Subgroups of a group of even order

• Apr 3rd 2011, 02:52 PM
topsquark
Subgroups of a group of even order
My question is this: Can we construct a group of even order that has no subgroups? I am tolerably certain that I have heard of this as a theorem, but I may have only heard it in reference to cyclic groups where it is obvious that a subgroup of order 2 exists.

Thanks!
-Dan
• Apr 3rd 2011, 04:21 PM
Drexel28
Quote:

Originally Posted by topsquark
My question is this: Can we construct a group of even order that has no subgroups? I am tolerably certain that I have heard of this as a theorem, but I may have only heard it in reference to cyclic groups where it is obvious that a subgroup of order 2 exists.

Thanks!
-Dan

I assume that you mean no non-trivial proper subgroups. The answer is yes \$\displaystyle \mathbb{Z}_2\$ but in the spirit of your question...no.

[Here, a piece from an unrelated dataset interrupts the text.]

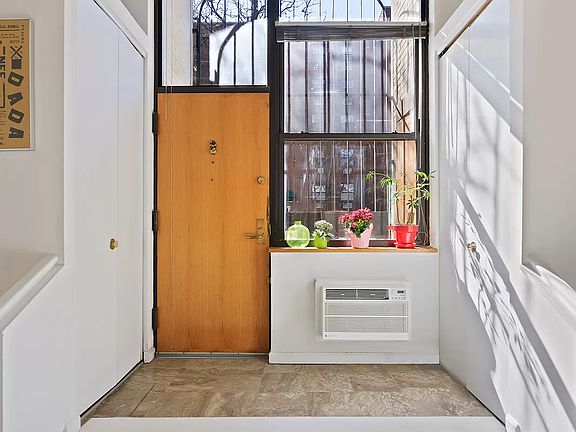 2nd image of 130 Barrow St #Townhouse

If \$\displaystyle G\$ is a finite group and \$\displaystyle |G|=21\$ where \$\displaystyle m>1\$ then a simple application of Cauchy's theorem says that \$\displaystyle G\$ must have an element of order \$\displaystyle 2\$. More generally, Sylow's first theorem implies that if \$\displaystyle G\$ is a finite group and \$\displaystyle p^m\mid |G|\$ with \$\displaystyle p\$ prime then \$\displaystyle G\$ must contain a subgroup of order \$\displaystyle p\$. From this it's easy to see that the only groups you mention have order \$\displaystyle 1\$ or \$\displaystyle p\$ where \$\displaystyle p\$ is prime.
• Apr 3rd 2011, 04:41 PM
topsquark
Quote:

Originally Posted by Drexel28
I assume that you mean no non-trivial proper subgroups. The answer is yes \$\displaystyle \mathbb{Z}_2\$ but in the spirit of your question...no. If \$\displaystyle G\$ is a finite group and \$\displaystyle |G|=2m\$ where \$\displaystyle m>0\$ then a simple application of Cauchy's theorem says that \$\displaystyle G\$ must have an element of order \$\displaystyle 2\$. More generally, Sylow's first theorem implies that if \$\displaystyle G\$ is a finite group and \$\displaystyle p^m\mid |G|\$ with \$\displaystyle p\$ prime then \$\displaystyle G\$ must contain a subgroup of order \$\displaystyle p\$. From this it's easy to see that the only groups you mention have order \$\displaystyle 1\$ or \$\displaystyle p\$ where \$\displaystyle p\$ is prime.

Thanks. "Cauchy" isn't until the next chapter, but I can follow the logic easily enough. Thanks!

-Dan